* _REQUIREMENT_: An exact transcription of all the data is required.

--

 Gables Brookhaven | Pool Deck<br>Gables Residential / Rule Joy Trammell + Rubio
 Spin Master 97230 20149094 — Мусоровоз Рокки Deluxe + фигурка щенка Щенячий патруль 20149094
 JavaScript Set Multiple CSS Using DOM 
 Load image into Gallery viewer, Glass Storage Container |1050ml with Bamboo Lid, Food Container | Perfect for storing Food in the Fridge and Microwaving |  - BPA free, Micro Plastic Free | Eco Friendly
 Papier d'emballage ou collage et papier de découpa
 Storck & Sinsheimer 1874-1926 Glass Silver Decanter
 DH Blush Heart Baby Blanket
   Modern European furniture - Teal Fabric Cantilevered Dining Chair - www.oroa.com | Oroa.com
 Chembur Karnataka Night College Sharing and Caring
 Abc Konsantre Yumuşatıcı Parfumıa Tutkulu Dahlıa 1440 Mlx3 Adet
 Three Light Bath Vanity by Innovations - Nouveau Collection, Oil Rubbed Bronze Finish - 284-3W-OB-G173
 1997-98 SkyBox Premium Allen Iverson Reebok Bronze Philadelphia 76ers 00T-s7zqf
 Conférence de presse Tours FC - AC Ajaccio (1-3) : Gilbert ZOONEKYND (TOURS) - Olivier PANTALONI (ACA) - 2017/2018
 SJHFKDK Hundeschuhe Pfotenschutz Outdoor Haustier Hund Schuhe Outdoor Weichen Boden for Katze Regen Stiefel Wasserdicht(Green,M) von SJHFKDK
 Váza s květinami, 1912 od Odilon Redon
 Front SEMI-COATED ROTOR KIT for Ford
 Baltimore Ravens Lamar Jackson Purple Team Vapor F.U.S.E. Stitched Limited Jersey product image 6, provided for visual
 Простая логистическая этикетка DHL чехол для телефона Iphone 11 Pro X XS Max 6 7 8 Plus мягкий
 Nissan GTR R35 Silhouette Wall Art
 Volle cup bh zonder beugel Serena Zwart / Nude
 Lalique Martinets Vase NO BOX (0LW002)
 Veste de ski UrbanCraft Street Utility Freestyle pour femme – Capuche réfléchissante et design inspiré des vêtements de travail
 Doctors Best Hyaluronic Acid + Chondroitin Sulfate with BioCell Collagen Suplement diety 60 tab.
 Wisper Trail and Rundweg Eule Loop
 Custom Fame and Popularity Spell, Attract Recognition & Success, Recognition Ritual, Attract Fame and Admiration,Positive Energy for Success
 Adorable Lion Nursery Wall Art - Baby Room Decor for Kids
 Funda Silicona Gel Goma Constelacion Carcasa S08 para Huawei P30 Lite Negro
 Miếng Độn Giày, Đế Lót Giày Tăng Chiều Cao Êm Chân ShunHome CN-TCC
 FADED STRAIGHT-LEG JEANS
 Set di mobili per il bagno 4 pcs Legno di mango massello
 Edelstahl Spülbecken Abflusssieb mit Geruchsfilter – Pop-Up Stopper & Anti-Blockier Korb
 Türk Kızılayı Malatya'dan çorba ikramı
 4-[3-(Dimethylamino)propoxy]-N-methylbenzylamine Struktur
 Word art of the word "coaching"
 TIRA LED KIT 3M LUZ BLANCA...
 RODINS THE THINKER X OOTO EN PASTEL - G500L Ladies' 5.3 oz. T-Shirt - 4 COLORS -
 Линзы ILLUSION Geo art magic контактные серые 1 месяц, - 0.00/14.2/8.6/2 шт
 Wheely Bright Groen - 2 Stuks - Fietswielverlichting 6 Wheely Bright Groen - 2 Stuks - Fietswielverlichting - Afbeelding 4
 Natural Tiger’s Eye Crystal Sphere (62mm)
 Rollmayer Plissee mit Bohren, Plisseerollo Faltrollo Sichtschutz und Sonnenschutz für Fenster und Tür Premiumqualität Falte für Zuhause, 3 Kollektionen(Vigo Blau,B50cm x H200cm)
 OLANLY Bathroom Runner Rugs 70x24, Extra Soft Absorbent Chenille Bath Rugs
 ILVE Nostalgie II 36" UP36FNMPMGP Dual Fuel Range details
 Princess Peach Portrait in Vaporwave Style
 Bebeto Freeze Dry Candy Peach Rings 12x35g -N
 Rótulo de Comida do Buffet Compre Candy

--

* _SOLUTION TO THIS PROBLEM_:
 Gables Brookhaven | Pool Deck<br>Gables Residential / Rule Joy Trammell + Rubio
 Spin Master 97230 20149094 — Мусоровоз Рокки Deluxe + фигурка щенка Щенячий патруль 20149094
 JavaScript Set Multiple CSS Using DOM 
 Load image into Gallery viewer, Glass Storage Container |1050ml with Bamboo Lid, Food Container | Perfect for storing Food in the Fridge and Microwaving |  - BPA free, Micro Plastic Free | Eco Friendly
 Papier d'emballage ou collage et papier de découpa
 Storck & Sinsheimer 1874-1926 Glass Silver Decanter
 DH Blush Heart Baby Blanket
   Modern European furniture - Teal Fabric Cantilevered Dining Chair - www.oroa.com | Oroa.com
 Chembur Karnataka Night College Sharing and Caring
 Abc Konsantre Yumuşatıcı Parfumıa Tutkulu Dahlıa 1440 Mlx3 Adet
 Three Light Bath Vanity by Innovations - Nouveau Collection, Oil Rubbed Bronze Finish - 284-3W-OB-G173
 1997-98 SkyBox Premium Allen Iverson Reebok Bronze Philadelphia 76ers 00T-s7zqf
 Conférence de presse Tours FC - AC Ajaccio (1-3) : Gilbert ZOONEKYND (TOURS) - Olivier PANTALONI (ACA) - 2017/2018
 SJHFKDK Hundeschuhe Pfotenschutz Outdoor Haustier Hund Schuhe Outdoor Weichen Boden for Katze Regen Stiefel Wasserdicht(Green,M) von SJHFKDK
 Váza s květinami, 1912 od Odilon Redon
 Front SEMI-COATED ROTOR KIT for Ford
 Baltimore Ravens Lamar Jackson Purple Team Vapor F.U.S.E. Stitched Limited Jersey product image 6, provided for visual
 Простая логистическая этикетка DHL чехол для телефона Iphone 11 Pro X XS Max 6 7 8 Plus мягкий
 Nissan GTR R35 Silhouette Wall Art
 Volle cup bh zonder beugel Serena Zwart / Nude
 Lalique Martinets Vase NO BOX (0LW002)
 Veste de ski UrbanCraft Street Utility Freestyle pour femme – Capuche réfléchissante et design inspiré des vêtements de travail
 Doctors Best Hyaluronic Acid + Chondroitin Sulfate with BioCell Collagen Suplement diety 60 tab.
 Wisper Trail and Rundweg Eule Loop
 Custom Fame and Popularity Spell, Attract Recognition & Success, Recognition Ritual, Attract Fame and Admiration,Positive Energy for Success
 Adorable Lion Nursery Wall Art - Baby Room Decor for Kids
 Funda Silicona Gel Goma Constelacion Carcasa S08 para Huawei P30 Lite Negro
 Miếng Độn Giày, Đế Lót Giày Tăng Chiều Cao Êm Chân ShunHome CN-TCC
 FADED STRAIGHT-LEG JEANS
 Set di mobili per il bagno 4 pcs Legno di mango massello
 Edelstahl Spülbecken Abflusssieb mit Geruchsfilter – Pop-Up Stopper & Anti-Blockier Korb
 Türk Kızılayı Malatya'dan çorba ikramı
 4-[3-(Dimethylamino)propoxy]-N-methylbenzylamine Struktur
 Word art of the word "coaching"
 TIRA LED KIT 3M LUZ BLANCA...
 RODINS THE THINKER X OOTO EN PASTEL - G500L Ladies' 5.3 oz. T-Shirt - 4 COLORS -
 Линзы ILLUSION Geo art magic контактные серые 1 месяц, - 0.00/14.2/8.6/2 шт
 Wheely Bright Groen - 2 Stuks - Fietswielverlichting 6 Wheely Bright Groen - 2 Stuks - Fietswielverlichting - Afbeelding 4
 Natural Tiger’s Eye Crystal Sphere (62mm)
 Rollmayer Plissee mit Bohren, Plisseerollo Faltrollo Sichtschutz und Sonnenschutz für Fenster und Tür Premiumqualität Falte für Zuhause, 3 Kollektionen(Vigo Blau,B50cm x H200cm)
 OLANLY Bathroom Runner Rugs 70x24, Extra Soft Absorbent Chenille Bath Rugs
 ILVE Nostalgie II 36" UP36FNMPMGP Dual Fuel Range details
 Princess Peach Portrait in Vaporwave Style
 Bebeto Freeze Dry Candy Peach Rings 12x35g -N
 Rótulo de Comida do Buffet Compre Candy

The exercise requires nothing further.